I've heard anywhere from 0-20 cals per serving and no carb, because the same amount of carbs in it is deliniated by the soluable fiber 3 & 3.

I'll let you guys know how they taste and if we like them enough to give up on the other noodles we eat, just to cut some carbs here and there.


----------



## birdie_poo (May 10, 2002)

Ok, these noodles are AWESOME!!!! I get them for $1.35 a bag, and one bag was enough to add to the chicken marsala I made for dinner. It absorbed the flavor and was a little filler. Everyone walked away from dinner satisfied and NO ONE had anything negative to say about the noodles. I think these things are going to see their way into MANY, MANY meals at our house.


----------



## suelandress (May 10, 2002)

Are you using the ones that are straight yam flour or the ones mixed with tofu?


----------



## hollym (Feb 18, 2005)

Neat! I read about these in one of those little magazines at the check out line. It would be nice to have low carb no wheat noodles in the house, fer shure! 

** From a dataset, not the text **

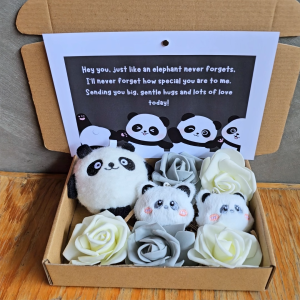 ✨ Cute White Black Panda Bear Panda Items Collectibles Plushie Stuffed Toys Valentines Romance Custom Message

Now if I can just remember the name of them, lol. 

hollym


----------



## suelandress (May 10, 2002)

hollym said:


> Neat! I read about these in one of those little magazines at the check out line. It would be nice to have low carb no wheat noodles in the house, fer shure!
> 
> Now if I can just remember the name of them, lol.
> 
> hollym



Just look worm packaged noodles where the tofu is in your supermarket....they are kept refrigerated....


----------



## hollym (Feb 18, 2005)

Thanks! I did look at Sun Harvest last night on the way home, but I looked in the pasta aisle and didn't find them. I'll check in the right place next time. 

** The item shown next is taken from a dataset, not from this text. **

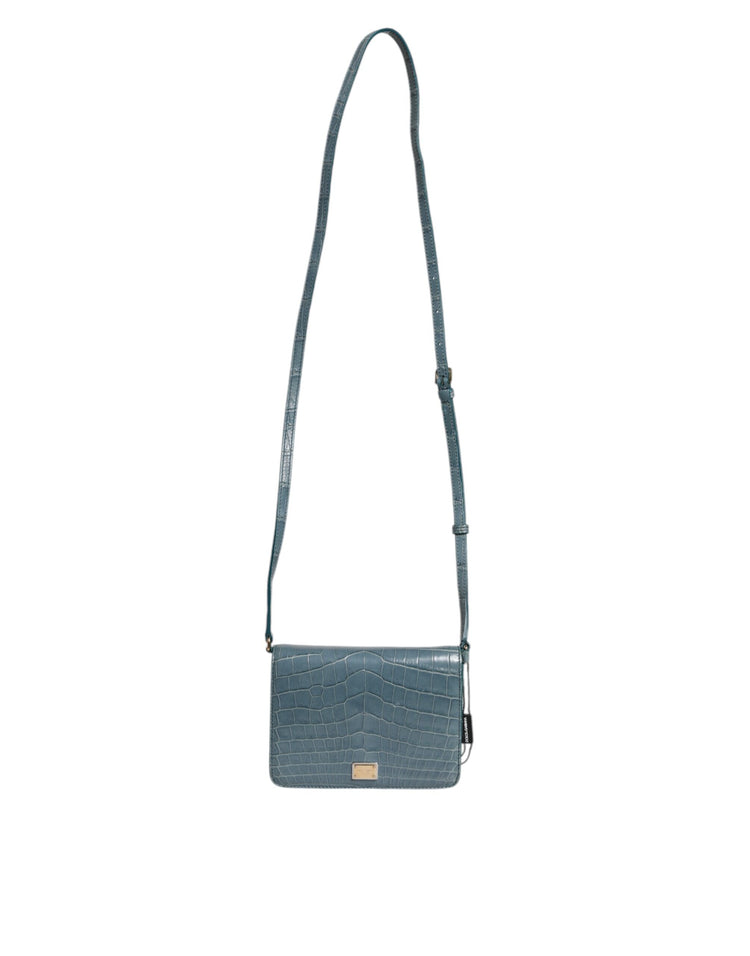 Green Exotic Leather DG Plaque Crossbody Mini Bag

hollym....would be ecstatic to find something healthy that kids would eat!


----------



## GeorgiaberryM (Mar 30, 2004)

I have to give another enthusiatic thumbs up for the shiritaki noodle! I bought these at my local natural foods store in the refrigerated section - less than $1.50 per package (two servings) - not super cheap, but for convenience they can't be beat. Just drain and heat. They looked like they would be mushy, but I was pleased with the firm texture. They are made from some kind of yam flour. Wish I could get some other shapes besides fettucini and spagetti.


----------



## birdie_poo (May 10, 2002)

I've had the plain (look translucent) and the ones with bits of kelp in them. Either or, they were both good, but the plain seem to be less in calories and carbs, so we will stick with them. We add them to pretty much everything, now, where ever we need to cut some bad stuff out, anyway.


----------



## suelandress (May 10, 2002)

hollym said:


> Thanks! I did look at Sun Harvest last night on the way home, but I looked in the pasta aisle and didn't find them. I'll check in the right place next time.
> 
> hollym....would be ecstatic to find something healthy that kids would eat!

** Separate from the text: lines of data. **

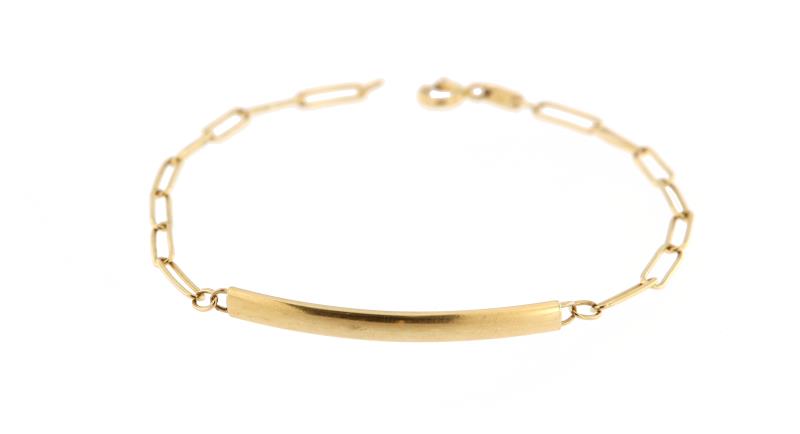 Bracciale in oro g 750/1000 catena + targhetta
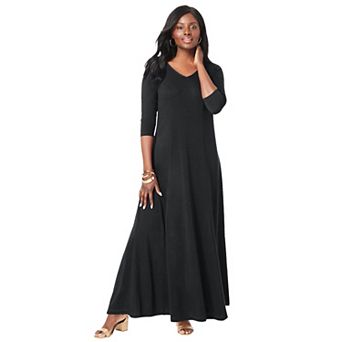 Jessica London Women's Plus Size Double-V Maxi Dress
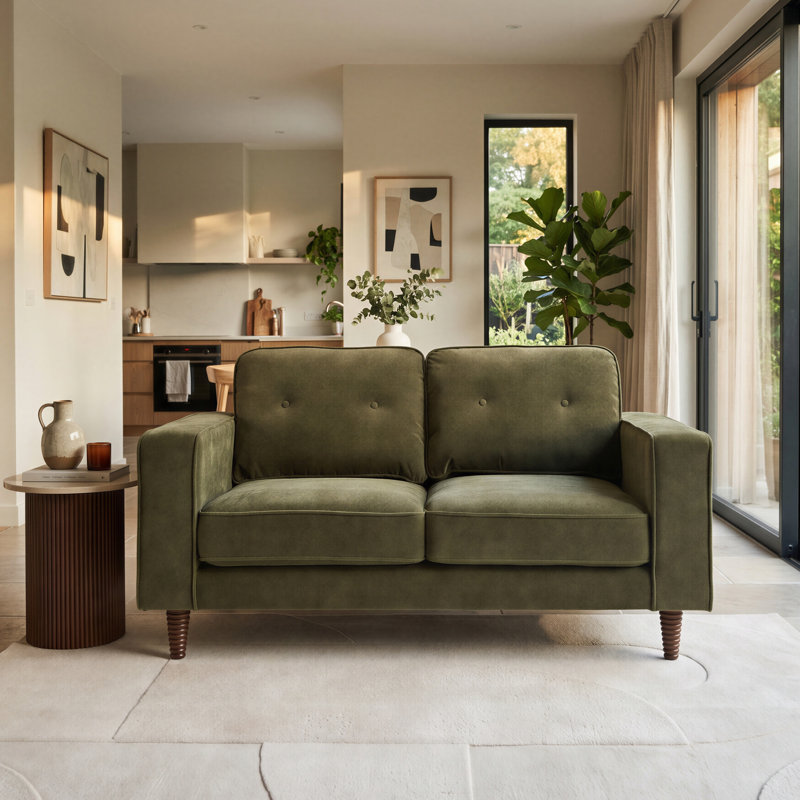 Teasha Sofa, Green Linen, 2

Our Stop and Shop doesn't carry them, but our Price Chopper does. Guess it's a hunting game. I do know you can buy them online by the case. I think it was Amazon, but don't quote me


----------



## suelandress (May 10, 2002)

birdie_poo said:


> I've had the plain (look translucent) and the ones with bits of kelp in them. Either or, they were both good, but the plain seem to be less in calories and carbs, so we will stick with them. We add them to pretty much everything, now, where ever we need to cut some bad stuff out, anyway.



I've never seen the kelp ones! Kelp is supposed to be healthful, no?
I boought plain ones online from Konjac, but I found them toooooo chewy. The House Foods brand with tofu in them have a more natural pasta "bite". 
I emailed House Foods and they claim to use non GMO soy :shrug:


----------